Saturday, September 25, 2010

SHELLEY, WORD!

Much has been said of nature, red in tooth and claw, and the ways in which it provides some sense of inspiration, if not revelation. I believe nature, if anything, provides one re-discovery. Via objectivity, poetic objectivity, mind you, where a person can attribute the wind with human qualities, make a zephyr cough, and actually become it, that such stuff. Or, just an impulse, hidden too long, that birds in the morning can elaborate, or the foam of a wave coming to and being receded from the shore, the way it controls our ebbs and flows, even if all is a function of human interpretation, guiding the thought that life imitates art.
In his defense on poetry, Shelley had a line memorable to every nascent artist, that is, poets are the unacknowledged legislators of the world. For some time, this mistook me. I didn't quite realize what he meant. But now, perhaps because my illness has made me closer to a "core," or because after my father's death this May, I've been in numerous existential battles, which, I've come to realize, are never won, perhaps because of this I know more about Shelley, and his inclinations via this phrase.
Poetry has the remarkable quality of revealing to us what we already know. It gives the reader an invented instinct.

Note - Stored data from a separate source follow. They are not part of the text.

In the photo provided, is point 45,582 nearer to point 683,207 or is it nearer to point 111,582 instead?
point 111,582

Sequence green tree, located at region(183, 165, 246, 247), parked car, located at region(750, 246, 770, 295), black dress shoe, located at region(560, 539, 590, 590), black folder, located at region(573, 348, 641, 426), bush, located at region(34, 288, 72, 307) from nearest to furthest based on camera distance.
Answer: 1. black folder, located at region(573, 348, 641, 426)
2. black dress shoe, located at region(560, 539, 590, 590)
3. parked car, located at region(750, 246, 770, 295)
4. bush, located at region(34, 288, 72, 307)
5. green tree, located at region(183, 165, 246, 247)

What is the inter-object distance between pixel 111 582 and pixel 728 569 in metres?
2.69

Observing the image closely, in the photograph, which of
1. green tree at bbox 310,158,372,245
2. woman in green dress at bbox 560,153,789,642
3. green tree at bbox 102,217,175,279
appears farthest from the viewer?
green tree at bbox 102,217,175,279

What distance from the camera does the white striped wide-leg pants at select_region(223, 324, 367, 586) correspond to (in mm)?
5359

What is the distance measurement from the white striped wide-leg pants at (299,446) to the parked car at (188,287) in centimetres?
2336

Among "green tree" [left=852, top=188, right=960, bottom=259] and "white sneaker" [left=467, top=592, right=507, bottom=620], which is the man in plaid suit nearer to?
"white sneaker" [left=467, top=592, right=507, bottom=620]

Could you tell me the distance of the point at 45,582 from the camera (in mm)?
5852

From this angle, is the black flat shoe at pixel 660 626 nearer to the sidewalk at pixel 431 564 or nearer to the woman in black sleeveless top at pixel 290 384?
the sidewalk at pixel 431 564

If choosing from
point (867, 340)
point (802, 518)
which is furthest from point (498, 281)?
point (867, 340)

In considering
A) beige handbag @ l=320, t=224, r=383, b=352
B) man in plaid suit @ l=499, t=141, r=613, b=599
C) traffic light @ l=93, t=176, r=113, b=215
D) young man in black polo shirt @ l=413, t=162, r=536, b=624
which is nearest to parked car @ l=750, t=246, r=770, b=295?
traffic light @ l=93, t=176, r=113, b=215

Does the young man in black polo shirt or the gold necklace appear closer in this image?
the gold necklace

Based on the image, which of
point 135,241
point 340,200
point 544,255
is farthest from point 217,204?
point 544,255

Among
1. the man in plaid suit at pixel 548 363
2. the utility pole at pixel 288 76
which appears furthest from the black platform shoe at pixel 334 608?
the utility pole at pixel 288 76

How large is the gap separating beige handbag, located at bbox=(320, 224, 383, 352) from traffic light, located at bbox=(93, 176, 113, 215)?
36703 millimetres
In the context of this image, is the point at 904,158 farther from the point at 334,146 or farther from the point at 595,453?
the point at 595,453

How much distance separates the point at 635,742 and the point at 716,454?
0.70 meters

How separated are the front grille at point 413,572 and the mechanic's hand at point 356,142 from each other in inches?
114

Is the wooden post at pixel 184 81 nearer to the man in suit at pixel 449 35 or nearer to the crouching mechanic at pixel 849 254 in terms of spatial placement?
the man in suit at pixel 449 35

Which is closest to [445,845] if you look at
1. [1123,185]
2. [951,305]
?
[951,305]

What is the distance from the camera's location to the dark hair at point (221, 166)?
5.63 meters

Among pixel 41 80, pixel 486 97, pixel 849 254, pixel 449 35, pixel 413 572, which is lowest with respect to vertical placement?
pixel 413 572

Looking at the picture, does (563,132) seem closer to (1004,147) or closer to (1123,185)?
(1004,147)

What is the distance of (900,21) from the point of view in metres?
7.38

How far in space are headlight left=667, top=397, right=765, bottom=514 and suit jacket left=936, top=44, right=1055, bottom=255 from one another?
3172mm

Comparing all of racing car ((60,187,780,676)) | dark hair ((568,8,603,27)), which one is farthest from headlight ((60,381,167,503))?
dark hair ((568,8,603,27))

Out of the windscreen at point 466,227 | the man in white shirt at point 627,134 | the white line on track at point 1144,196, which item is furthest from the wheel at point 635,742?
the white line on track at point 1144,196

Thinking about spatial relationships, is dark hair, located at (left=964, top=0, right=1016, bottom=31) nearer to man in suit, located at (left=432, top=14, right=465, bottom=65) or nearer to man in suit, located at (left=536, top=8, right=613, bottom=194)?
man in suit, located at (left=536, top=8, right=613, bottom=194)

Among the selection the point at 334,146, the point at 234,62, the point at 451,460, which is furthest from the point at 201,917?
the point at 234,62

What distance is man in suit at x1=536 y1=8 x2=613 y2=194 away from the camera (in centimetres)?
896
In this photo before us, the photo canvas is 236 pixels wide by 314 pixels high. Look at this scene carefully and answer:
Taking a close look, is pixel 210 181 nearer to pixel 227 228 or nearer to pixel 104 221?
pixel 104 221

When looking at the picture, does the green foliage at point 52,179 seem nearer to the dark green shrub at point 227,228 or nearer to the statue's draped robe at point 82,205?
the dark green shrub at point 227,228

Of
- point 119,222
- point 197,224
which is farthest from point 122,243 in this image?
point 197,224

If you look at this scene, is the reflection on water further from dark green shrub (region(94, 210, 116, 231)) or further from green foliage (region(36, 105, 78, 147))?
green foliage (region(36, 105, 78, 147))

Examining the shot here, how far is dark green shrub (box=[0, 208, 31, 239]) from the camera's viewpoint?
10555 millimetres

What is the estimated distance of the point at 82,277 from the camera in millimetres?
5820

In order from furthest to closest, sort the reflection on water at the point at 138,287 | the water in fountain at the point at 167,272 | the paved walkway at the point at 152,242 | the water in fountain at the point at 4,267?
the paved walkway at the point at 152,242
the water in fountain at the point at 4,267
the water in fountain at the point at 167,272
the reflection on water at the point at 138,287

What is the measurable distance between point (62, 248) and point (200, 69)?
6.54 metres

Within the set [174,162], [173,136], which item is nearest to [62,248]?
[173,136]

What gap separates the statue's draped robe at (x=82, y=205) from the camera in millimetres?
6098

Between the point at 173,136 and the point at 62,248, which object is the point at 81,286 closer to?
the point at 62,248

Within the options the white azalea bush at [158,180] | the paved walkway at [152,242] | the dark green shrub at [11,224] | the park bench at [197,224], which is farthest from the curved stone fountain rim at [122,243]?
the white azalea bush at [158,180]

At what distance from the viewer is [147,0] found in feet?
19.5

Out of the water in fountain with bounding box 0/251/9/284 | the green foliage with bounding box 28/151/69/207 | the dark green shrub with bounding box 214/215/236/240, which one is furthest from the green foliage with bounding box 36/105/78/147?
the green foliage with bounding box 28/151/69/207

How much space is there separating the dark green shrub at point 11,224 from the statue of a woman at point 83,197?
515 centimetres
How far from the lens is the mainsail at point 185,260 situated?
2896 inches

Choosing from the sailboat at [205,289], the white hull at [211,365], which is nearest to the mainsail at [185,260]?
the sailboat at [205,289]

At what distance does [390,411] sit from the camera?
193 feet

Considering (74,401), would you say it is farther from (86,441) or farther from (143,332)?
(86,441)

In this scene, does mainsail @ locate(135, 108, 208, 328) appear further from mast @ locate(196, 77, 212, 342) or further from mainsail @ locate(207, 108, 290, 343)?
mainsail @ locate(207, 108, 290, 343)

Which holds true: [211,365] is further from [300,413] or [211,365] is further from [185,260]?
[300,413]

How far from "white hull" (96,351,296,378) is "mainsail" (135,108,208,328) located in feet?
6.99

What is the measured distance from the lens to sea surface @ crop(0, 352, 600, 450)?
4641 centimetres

So, Dickinson, her certain slant of light on winter afternoons, oppresses like the weight of cathedral tunes, has the reader come to a rediscovery, about a moment or instinct this light reflects. Even more prominent is Keats' Nightingale. Its immortal song reminds anyone who reads that poem, of their own mortality, and even sets the reader into a frenzy whose climax is "do I wake or do I sleep?" And Baudelaire, describing the air at dawn as a face full of tears having them swiped away by the dawn's wind. Reading that, you're reminded not just how the dawn operates, but how things are so easily wiped away with every day, and that point in which they are destroyed, is the point in which death becomes beauty, baiting the depths of revelation.
I could go on endlessly. When Shelley set forth that phrase, I don't believe he was referring to matters of politics and whatnot. That's just the metaphor. Poets provide us something priceless, that is, setting us the rules and laws not under which we live, but under which we are re-discovered. And the poem does the same thing to a poet. When a poet finds an appropriate form, and the form the poem wants to take talks back, there is s symbiosis at stake. The poet somehow rediscovers an identity via this form; the form rediscovers an identity via the poet's inclinations. And all of this is recycled, re-created when art is given to the readers' eyes.
And, the realization is, this process goes unacknowledged. It isn't recognized by every reader. Is, in fact, assumed anonymously. But this unacknowledged state is what makes it so perfect, and profound. Because, really, the poem acts like nature. Certainly, our interpretations are at the core of its existence; but it's something there, like a zephyr's cough, to remind us how we're rediscovered. If not through the grace of space and time, at least through the grace of an unassuming line.